Première partie : - Écrans et Trames I
3 Écrans d’aujourd’hui, des trames et des écrans
– Rappel sur la perception et le numérique
Le système perceptif humain, comme tous les systèmes perceptifs connus, ne voient ou n’entendent pas le numérique. La perception visuelle ne sait interpréter que des images analogiques tout comme la perception sonore ne sait interpréter que des sons eux aussi, analogiques. Avant d’être affichée à l’écran, une image numérique est nécessairement décodée par un décodeur numérique-analogique afin que celle-ci soit présentée dans un mode perceptible par notre système visuel.
– Quel est le rôle d’un écran d’ordinateur ou de télévision ?
Afficher des images et des textes. Rendre visible une image. Comment remplit-il sa mission, qu’il appartienne à une chaine analogique ou numérique ? En affichant des points. Comment le fait-il ? en utilisant une trame. De fait, qu’il soit cathodique, LCD, plasma ou Oled... le rôle de l’écran est d’afficher l’image composée par une trame de points rouges, verts, bleus qui serviront à restituer les nuances de la lumière (les teintes de l’image) pour nous donner à voir une image.
– Le nuage de points de l’écran
Comment ces écrans s’y prennent-ils ? En produisant un nuage de points à partir d’une trame. En ce sens, leur rôle et leurs moyens sont similaires à ceux de l’imprimerie.
Ce nuage de points est-il le syndrome Azerty de la reproduction de l’image ? Il s’agit plutôt de la fourche caudine de la reproduction d’images. En effet, compte-tenu du fonctionnement de l’œil et de la nécessité de réduire au strict minimum le nombre de couleurs de base pour l’impression ou pour l’affichage sur écran, faisabilité technique et économique obligent ; le nuage de points composés d’une trame de triplets (CMJ ou RVB) devient incontournable. Sans eux, les images ne pourraient être reproduites que par des à-plats ou des dessins aux traits et leur reproduction serait d’une extrême complexité car l’impression des couleurs nécessiterait une multitude de tons directs. Ses coûts en deviendraient prohibitifs et la complexité des systèmes d’affichage sur écran serait tout aussi infranchissable.
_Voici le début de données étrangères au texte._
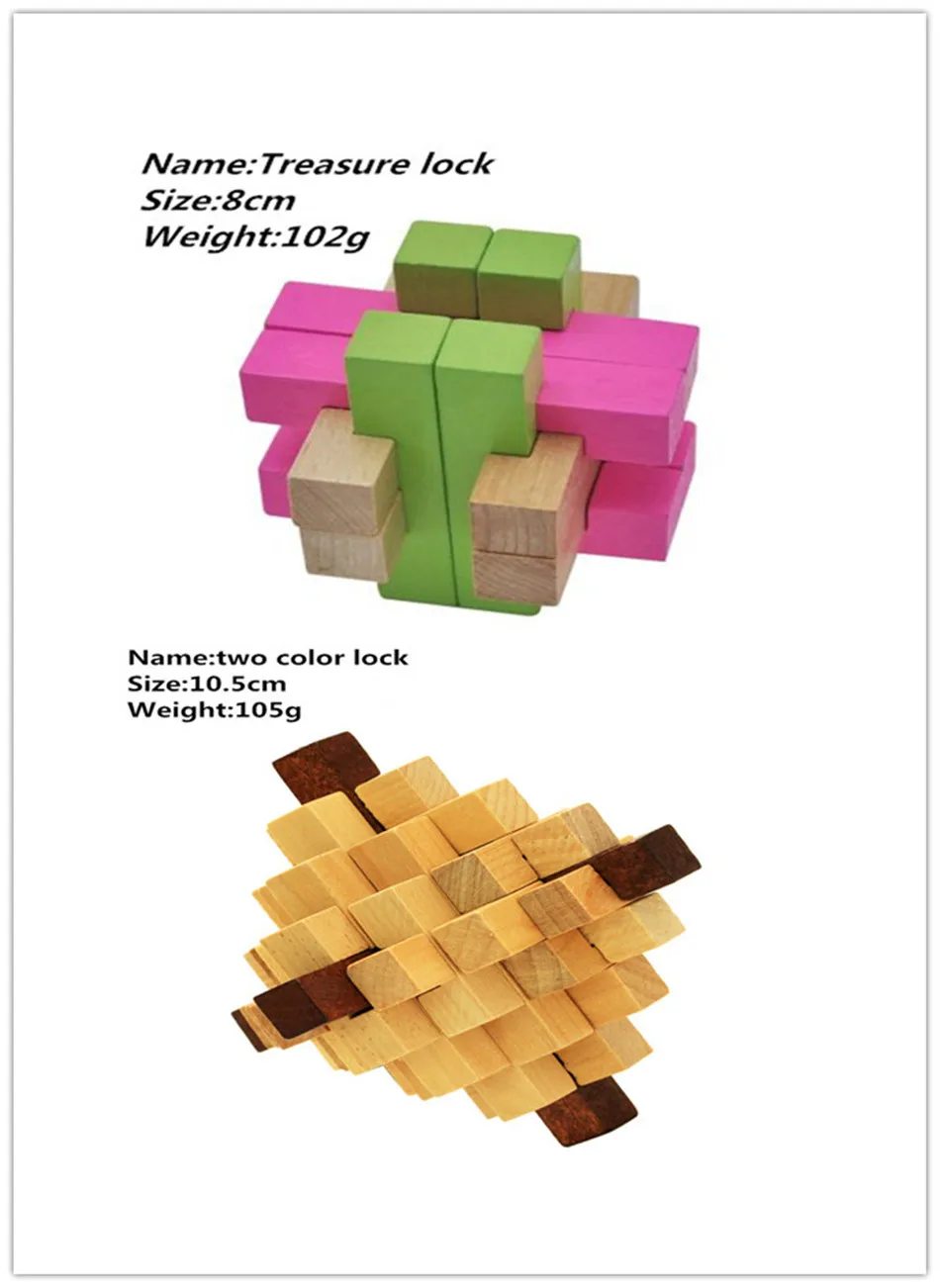 

3D Puzzles Classical Intellectual Wooden Cube Educational Toy Set Chinese Kong Ming Luban Lock Traditional Kid Toy Unique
On remarquera que l’écran CRT [1] ou tube à rayons cathodiques, tout comme l’écran à plasma ou encore l’écran LCD reprennent au pied de la lettre la trame du tissu. En effet, ils sont tous constitués d’un quadrillage. Dans le cas de l’écran CRT, il s’agit d’une grille de trous dans la plaque du shadow mask, trame associée à la matrice de répartition des trois couleurs primaires (cf illustrations ci-dessus). La distance entre chacun de ces trous est appelée pas de masque. Elle est l’équivalent de la répartition des fils dans la trame d’un tissu tout comme la grille de matrices utilisée par les écrans LCD, à Plasma, ou Oled.
Cette trame est constituée de l’ensemble des micro-éléments destinés à afficher analogiquement chacun des pixels de l’image. Dans le cas des images numériques, le rôle de la trame de l’écran est de restituer la trame des plus petites unités de l’image c’est-à-dire l’impression visuel correspondant au pixel. Même un projecteur vidéo ou cinéma numérique génèrent eux aussi une image tramée. Cependant, ici la trame n’est pas sur l’écran. En, fait c’est la trame de la puce qui affiche l’image projetée qui est tramée.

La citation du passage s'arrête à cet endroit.